Esso si segnala per un forte impegno internazionalista rivolto alla scuola italiana, producendo materiali innovativi, favorendo l’attuazione di convegni e seminari, e creando un notevole dibattito che coinvolge molti dei maggiori pedagogisti dell’epoca.
Verso la fine degli anni sessanta, la Emme della sigla passa a diventare l’iniziale di Mondialità, in un momento in cui i vocabolari non riportano neppure tale termine.
Lo scopo fondamentale dello strumento-rivista, riportato nell’editoriale del 1° numero (ottobre 1972), è quello di “fare della nostra scuola come un “crocevìa di sentieri” — causa e condizione del suo rinnovamento, del suo arricchimento e della sua continuità come azione educativa ad ogni livello — per facilitare, mediante il dialogo con le altre culture e la fedeltà alle rispettive tradizioni culturali, il suo inserimento realmente operativo nella comunità nazionale e mondiale”.

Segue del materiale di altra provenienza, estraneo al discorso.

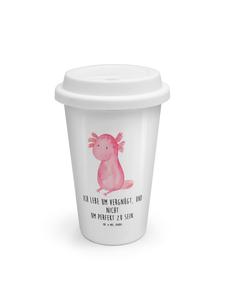 Mr. & Mrs. Panda Симпатичная термокружка с изображением аксолотля и надписью белого цвета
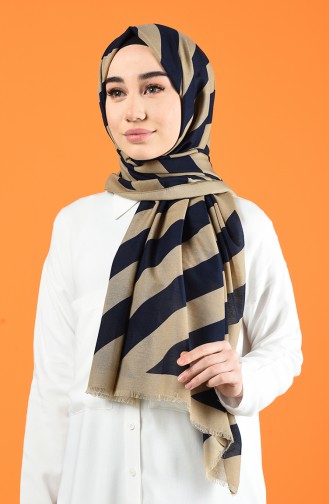 Patterned Cotton Shawl Beige Navy Blue 901613-11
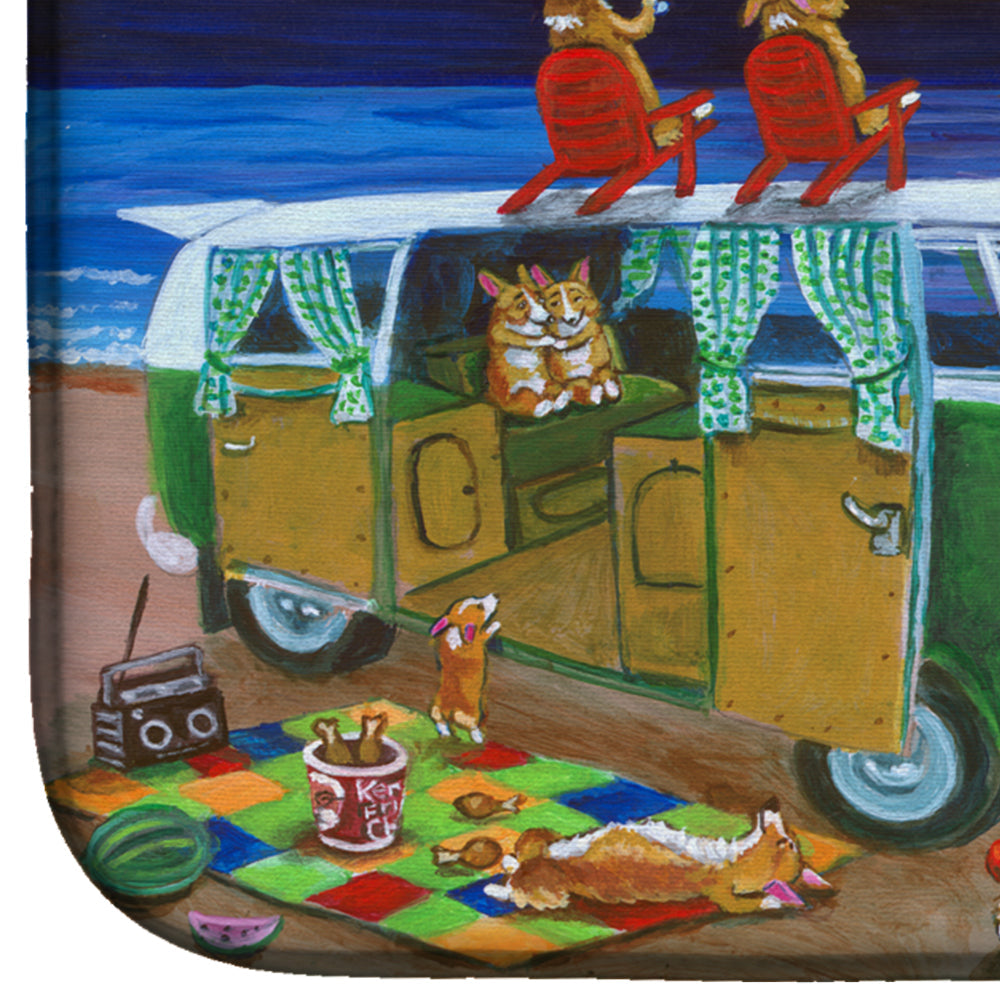 Corgi Beach Party Volkswagon Bus Fireworks Dish Drying Mat Absorbent Dish Drying Mat Pad for Kitchen Counter Dish Drainer Mat for Countertop, 14 x 21", Multicolor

La missionarietà dunque che guarda ai luoghi di partenza dei missionari con la convinzione che l’educazione giochi un ruolo chiave nel qui ed ora di ogni epoca, tanto più quando si dimostra in grado di interrogarsi sui processi che legano dinamiche locali e globali, da incoraggiare attraverso esperienze di partecipazione democratica e di cittadinanza attiva sia nella scuola sia sul territorio.
Se la sua mission può essere definita con quella che don Tonino Bello chiamava la “convivialità delle differenze”, il metodo di CEM è l’interculturalità (che fa anche da sottotitolo: “Mensile di educazione interculturale”), che si basa sul presupposto che ogni cultura, essendo un carattere essenziale dell’esistenza umana, mira alla perfezione integrale della persona umana, al bene della comunità e di tutta la famiglia umana.
Conseguenza di questo aspetto antropologico non è l’“unicità” (specie se si trasforma in etnocentrismo), ma la internazionalità, la pluralità delle culture: pluralità, questa, che non impedisce, ma facilita e perfeziona la realizzazione “propria” delle diverse civiltà.
Ora che il mondo abita anche il nostro quotidiano, che si è avvicinato grazie ai flussi migratori, abbiamo a disposizione una formidabile palestra di mondialità, per contribuire tutti a “fare del mondo un’unica famiglia”.